Fig. 9: Debug loop with and without static assertion checks for power domains case study in Figure 4.

Static assertion check runtimes – Table II quantifies the FCI layer runtime to inspect the entire codebase for each chip. We sum the times for hierarchical sub-designs, with each number collected over five trials on a 2.4GHz Quad-Core Intel Core i5-8279U laptop-class CPU. The static check runtimes are quick, ranging from 0.2–2.2s for the largest codebase. We ran a study scaling up to 1000 intent-implement blocks, which still completes in under 20s.

V-B Benefit of Modularity

We also discuss a case study for evaluating the modular flow generator approach itself over existing approaches based on parameterized Tcl generators [synopsys-solvnet-web, wang-hammer-isqed2020], which encourage implementing custom features in injected Tcl hooks (e.g., pre- and post- each step). This results in monolithic Tcl scripts that tangle many concerns (e.g., power domains, floorplan, chip IO, DFM) as opposed to our modular node approach which has one node per concern.

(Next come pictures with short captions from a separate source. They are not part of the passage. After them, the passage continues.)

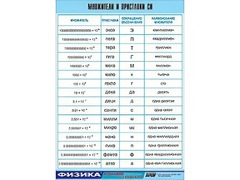 Таблица демонстрационная "Множители и приставки СИ" (винил 70х100) - fgospostavki.ru - Новоалтайск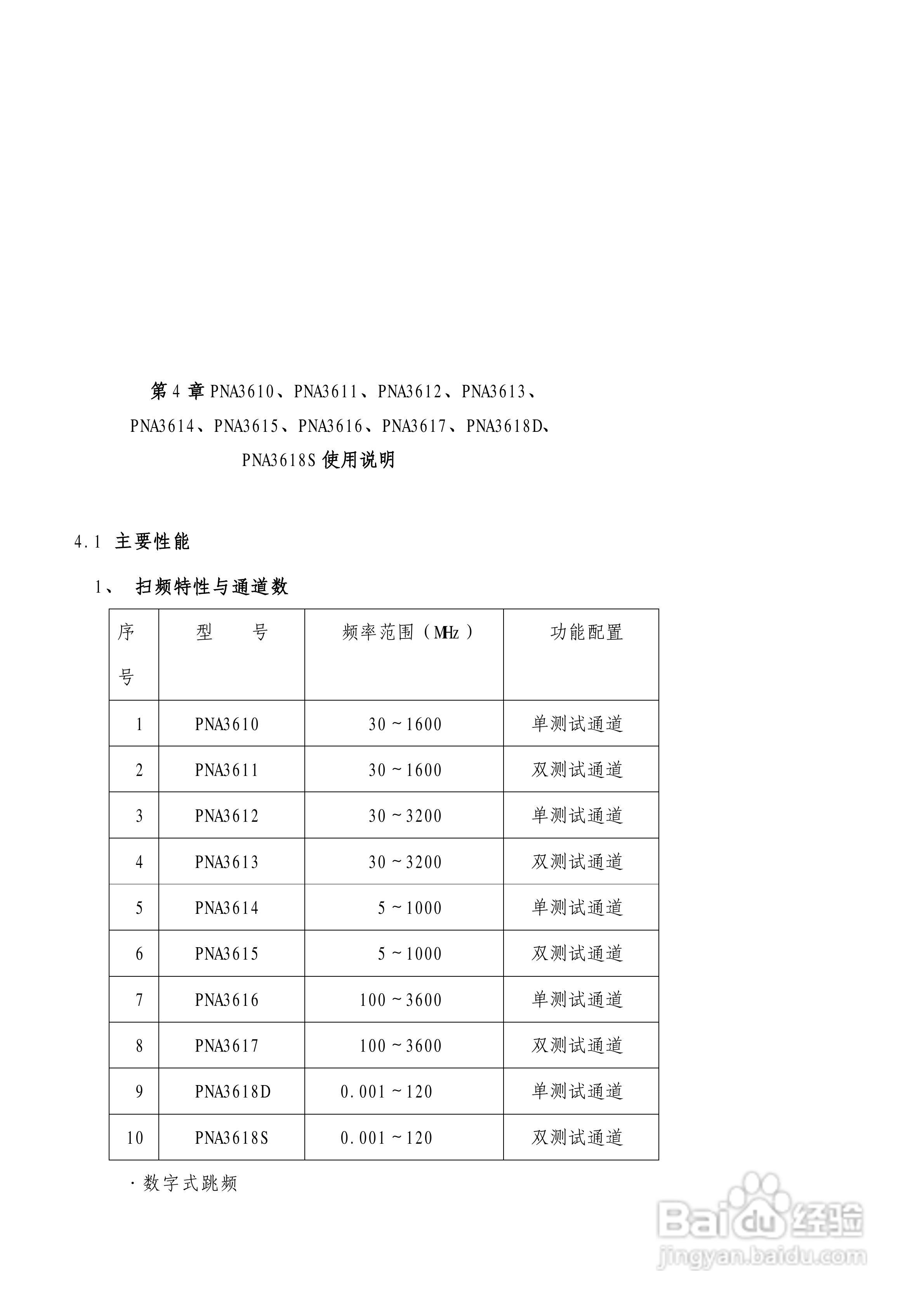 台式PNA网络分析仪使用说明书:[5]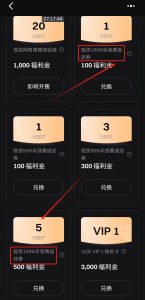 bit疯狂星期四，每周低保活动保底200+利润-灰豹网络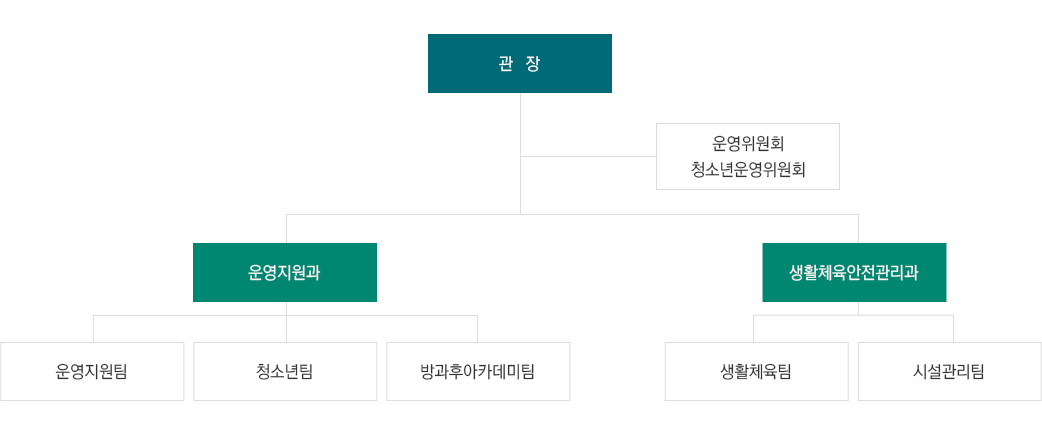 조직도 이미지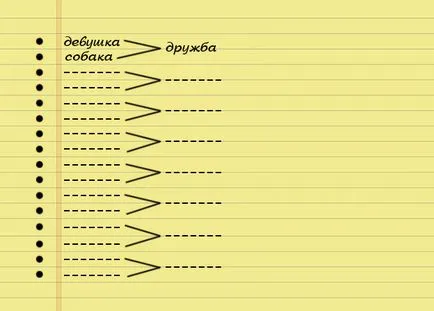 В състояние ли сте да признае пред себе си това, което искате от живота, този тест ще разкрие истината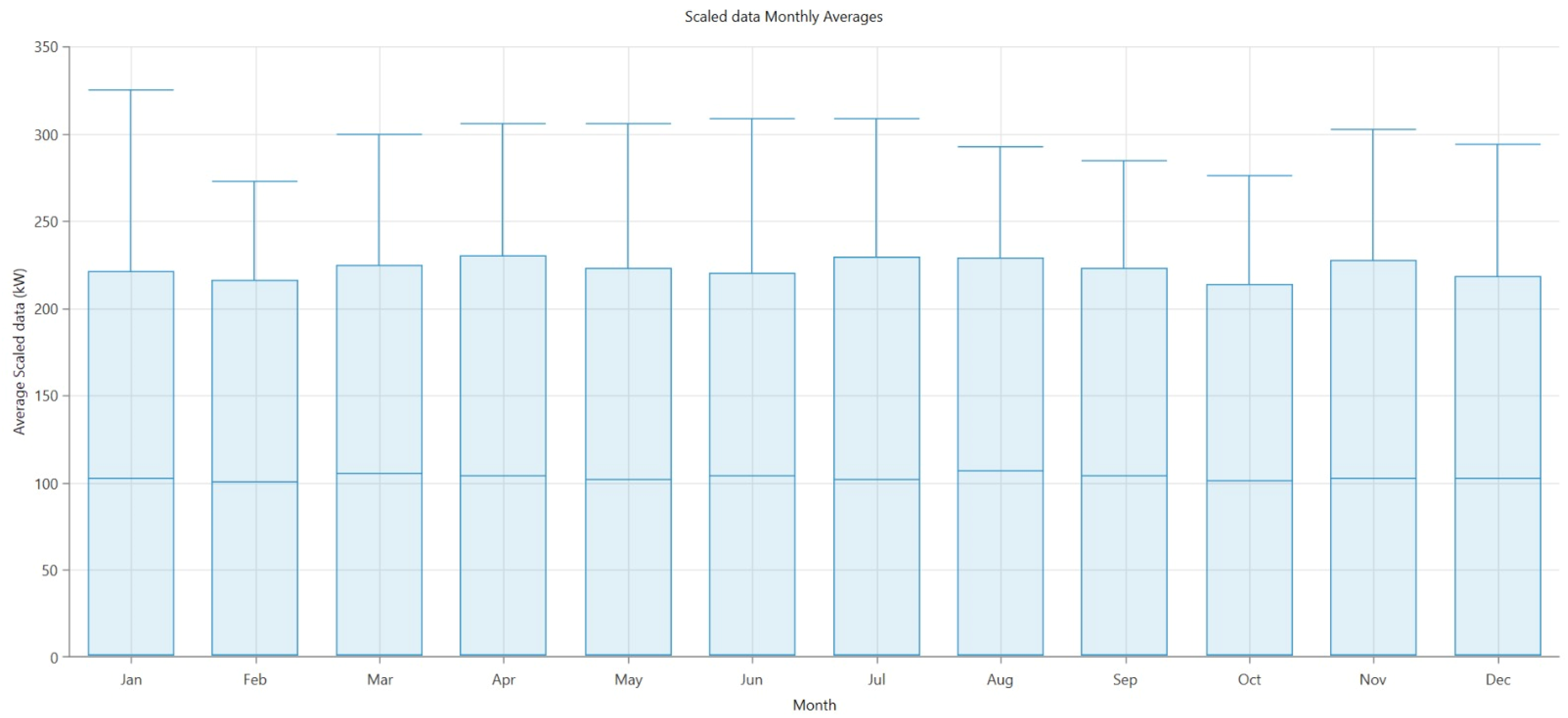 Energies 18 03102 g007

The design is DenseAccel16 and two previous iterations of the same design (less complex) in the same 16nm technology and metallization. All three iterations (we will call them DenseAccel16-1 through -3) included processing element tiles with power domains, but the first was monolithic Tcl and the second/third were built as modular flow generator nodes. The time to port power domains code from DenseAccel16-1 to DenseAccel16-2 was two months, while the time from DenseAccel16-2 to DenseAccel16-3 was two days, both for a single student. We attribute the time difference to the tangling of features in monolithic Tcl scripts, requiring our designers to spend months understanding every line of code and gathering all lines related to power domains into one place (and then debugging all of this in a loop). In contrast, moving from the second to the third design was far simpler because a single node captured all code related only to power domains, and this node was designed as a vendor package supplying code fragments across the flow.

V-C Reuse in MiniCGRA

Fig. 10: Mini CGRA Reuse – Lines of code reused to build a small CGRA in SKY130 technology, sourcing code from both common library nodes and the codebase of the previous CGRA in TSMC16 technology.

MiniCGRA is a coarse-grain reconfigurable array (CGRA) derived from a portion of DenseAccel16, but implemented in an open-source SKY130 technology [skywater130-web]. Figure 10 and Table II illustrate the detailed breakdown of code reused, modified, added, and removed from the common library as well as from custom design-specific (but technology-agnostic) code from the DenseAccel16 codebase. Our breakdown also splits bars to visualize high-effort code designed for reuse, which are carefully written to derive important values from the technology library instead of hard-coding specific numbers. For example, the tile array placement automatically detects the width and height of both compute and memory tiles and lays them out in a grid to abut pins. This coding effort significantly increases reuse to a total of 82% for the final codebase. In summary, a modular approach allowed custom work to be cleanly inserted or replaced in the form of new modular nodes, mitigating the challenges of working on a large physical design codebase.

Vi Conclusion

While physical designers would like modular and reusable flows, today’s tools, design approaches, and deadlines lead to flows being tuned aggressively and destroying reusable code. This paper presents a system vision and framework that can help physical design flows maximize the potential for significantly reducing design effort. Our modular flow generator approach provides the abstractions for composing coarse-grain and fine-grain code fragments and provides mechanisms for embedding checks and extending Tcl (i.e., a framework for gradual typing) to ensure that these properties hold. We developed a concrete implementation of our modular flow generator approach and fabricated silicon prototypes in multiple technologies to demonstrate the potential for significantly reducing design effort in future flows.